• **TASK TO CARRY OUT**: Below are entries; print them exactly from the first line through the one containing "swarovski imber stud".

• **EXERCISE INPUTS**:
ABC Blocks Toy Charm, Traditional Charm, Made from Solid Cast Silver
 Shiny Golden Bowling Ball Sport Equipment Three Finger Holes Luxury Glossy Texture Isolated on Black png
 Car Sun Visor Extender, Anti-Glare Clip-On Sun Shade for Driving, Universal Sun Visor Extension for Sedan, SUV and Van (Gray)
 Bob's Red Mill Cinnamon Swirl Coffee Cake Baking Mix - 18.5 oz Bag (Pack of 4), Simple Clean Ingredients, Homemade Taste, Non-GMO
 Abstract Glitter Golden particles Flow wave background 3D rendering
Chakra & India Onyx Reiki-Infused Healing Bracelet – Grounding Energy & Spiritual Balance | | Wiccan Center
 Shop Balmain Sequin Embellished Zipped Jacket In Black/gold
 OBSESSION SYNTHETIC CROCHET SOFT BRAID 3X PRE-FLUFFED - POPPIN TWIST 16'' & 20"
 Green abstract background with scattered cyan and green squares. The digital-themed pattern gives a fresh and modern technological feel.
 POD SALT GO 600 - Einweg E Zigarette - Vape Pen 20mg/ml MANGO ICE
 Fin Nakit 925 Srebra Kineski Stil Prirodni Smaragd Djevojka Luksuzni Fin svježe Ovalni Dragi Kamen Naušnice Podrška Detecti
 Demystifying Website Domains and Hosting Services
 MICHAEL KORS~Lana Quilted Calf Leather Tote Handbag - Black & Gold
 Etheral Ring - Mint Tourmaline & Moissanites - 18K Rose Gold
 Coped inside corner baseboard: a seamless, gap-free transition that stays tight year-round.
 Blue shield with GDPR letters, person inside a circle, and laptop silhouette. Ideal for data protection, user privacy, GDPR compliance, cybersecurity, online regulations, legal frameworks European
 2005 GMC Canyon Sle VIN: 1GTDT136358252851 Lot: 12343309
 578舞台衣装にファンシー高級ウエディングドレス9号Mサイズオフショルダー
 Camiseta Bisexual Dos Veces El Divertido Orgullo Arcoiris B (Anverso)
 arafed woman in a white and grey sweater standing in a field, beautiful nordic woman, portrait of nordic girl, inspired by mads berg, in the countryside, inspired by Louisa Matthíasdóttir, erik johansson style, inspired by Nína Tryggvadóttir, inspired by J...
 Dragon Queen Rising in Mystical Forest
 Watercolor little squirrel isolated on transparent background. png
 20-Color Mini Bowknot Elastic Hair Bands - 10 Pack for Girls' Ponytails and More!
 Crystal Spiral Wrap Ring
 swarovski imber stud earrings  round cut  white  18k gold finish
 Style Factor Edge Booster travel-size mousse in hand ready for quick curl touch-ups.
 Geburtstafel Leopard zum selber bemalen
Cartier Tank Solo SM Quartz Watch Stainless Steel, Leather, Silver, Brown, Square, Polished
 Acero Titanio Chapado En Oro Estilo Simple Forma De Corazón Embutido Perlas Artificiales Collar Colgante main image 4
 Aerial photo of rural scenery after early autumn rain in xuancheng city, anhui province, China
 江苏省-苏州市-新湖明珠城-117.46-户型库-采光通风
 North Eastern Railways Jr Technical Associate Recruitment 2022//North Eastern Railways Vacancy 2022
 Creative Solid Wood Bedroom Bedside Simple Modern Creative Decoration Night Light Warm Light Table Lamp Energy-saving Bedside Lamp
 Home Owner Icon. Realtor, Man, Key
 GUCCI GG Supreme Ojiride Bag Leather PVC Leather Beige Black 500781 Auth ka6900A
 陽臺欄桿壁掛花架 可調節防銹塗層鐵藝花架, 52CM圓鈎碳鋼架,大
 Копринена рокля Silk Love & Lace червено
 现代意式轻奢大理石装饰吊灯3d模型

• **RESULT**:
ABC Blocks Toy Charm, Traditional Charm, Made from Solid Cast Silver
 Shiny Golden Bowling Ball Sport Equipment Three Finger Holes Luxury Glossy Texture Isolated on Black png
 Car Sun Visor Extender, Anti-Glare Clip-On Sun Shade for Driving, Universal Sun Visor Extension for Sedan, SUV and Van (Gray)
 Bob's Red Mill Cinnamon Swirl Coffee Cake Baking Mix - 18.5 oz Bag (Pack of 4), Simple Clean Ingredients, Homemade Taste, Non-GMO
 Abstract Glitter Golden particles Flow wave background 3D rendering
Chakra & India Onyx Reiki-Infused Healing Bracelet – Grounding Energy & Spiritual Balance | | Wiccan Center
 Shop Balmain Sequin Embellished Zipped Jacket In Black/gold
 OBSESSION SYNTHETIC CROCHET SOFT BRAID 3X PRE-FLUFFED - POPPIN TWIST 16'' & 20"
 Green abstract background with scattered cyan and green squares. The digital-themed pattern gives a fresh and modern technological feel.
 POD SALT GO 600 - Einweg E Zigarette - Vape Pen 20mg/ml MANGO ICE
 Fin Nakit 925 Srebra Kineski Stil Prirodni Smaragd Djevojka Luksuzni Fin svježe Ovalni Dragi Kamen Naušnice Podrška Detecti
 Demystifying Website Domains and Hosting Services
 MICHAEL KORS~Lana Quilted Calf Leather Tote Handbag - Black & Gold
 Etheral Ring - Mint Tourmaline & Moissanites - 18K Rose Gold
 Coped inside corner baseboard: a seamless, gap-free transition that stays tight year-round.
 Blue shield with GDPR letters, person inside a circle, and laptop silhouette. Ideal for data protection, user privacy, GDPR compliance, cybersecurity, online regulations, legal frameworks European
 2005 GMC Canyon Sle VIN: 1GTDT136358252851 Lot: 12343309
 578舞台衣装にファンシー高級ウエディングドレス9号Mサイズオフショルダー
 Camiseta Bisexual Dos Veces El Divertido Orgullo Arcoiris B (Anverso)
 arafed woman in a white and grey sweater standing in a field, beautiful nordic woman, portrait of nordic girl, inspired by mads berg, in the countryside, inspired by Louisa Matthíasdóttir, erik johansson style, inspired by Nína Tryggvadóttir, inspired by J...
 Dragon Queen Rising in Mystical Forest
 Watercolor little squirrel isolated on transparent background. png
 20-Color Mini Bowknot Elastic Hair Bands - 10 Pack for Girls' Ponytails and More!
 Crystal Spiral Wrap Ring
 swarovski imber stud earrings  round cut  white  18k gold finish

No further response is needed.